It's raining diamonds on two ice giant planets in our solar system


Devdiscourse News Desk | California | Updated: 04-07-2022 18:08 IST | Created: 04-07-2022 18:08 IST
It's raining diamonds on two ice giant planets in our solar system
Image Credits: Left: NASA/JPL-Caltech ; Right: NASA

Uranus and Neptune have so many similarities and therefore the two ice giant planets are referred to as twins. They have high levels of methane in their atmosphere, which gives them a blue appearance. Methane consists of carbon and temperature and pressure conditions are so extreme on these two planets that the carbon atoms could be crushed into diamonds in their atmospheres.

In a podcast hosted by NASA, Naomi Rowe-Gurney, a postdoctoral research associate at NASA's Goddard Space Flight Center through Howard University, explained: "Well, methane has carbon in it and that carbon can occur by itself and also be crushed by the immense pressures that happen, like, deep in the atmosphere, so much deeper than the levels that I look at. And inside the planet, when it gets really hot and really dense, these, these diamonds form and accumulate, and then they become even heavier. And that means that they kind of rain down in the atmosphere."

She further added that it's not the rain that we see here on Earth because these pressures are extreme, and you'll never be able to get there as a human.
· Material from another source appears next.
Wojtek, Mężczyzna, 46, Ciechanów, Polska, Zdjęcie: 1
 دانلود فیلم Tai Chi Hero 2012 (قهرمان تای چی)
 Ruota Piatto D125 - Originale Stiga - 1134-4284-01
So even if these diamonds do exist, we would never be able to go and grab them.

NASA's James Webb Space Telescope (JWST) will explore the two ice giants of our solar system along with many other exciting and mysterious objects in our universe. The powerful telescope, which is currently moving through the final phases of commissioning its science instruments. will solve mysteries in our solar system, look beyond distant worlds around other stars, and probe the mysterious structures and origins of our universe and our place in it.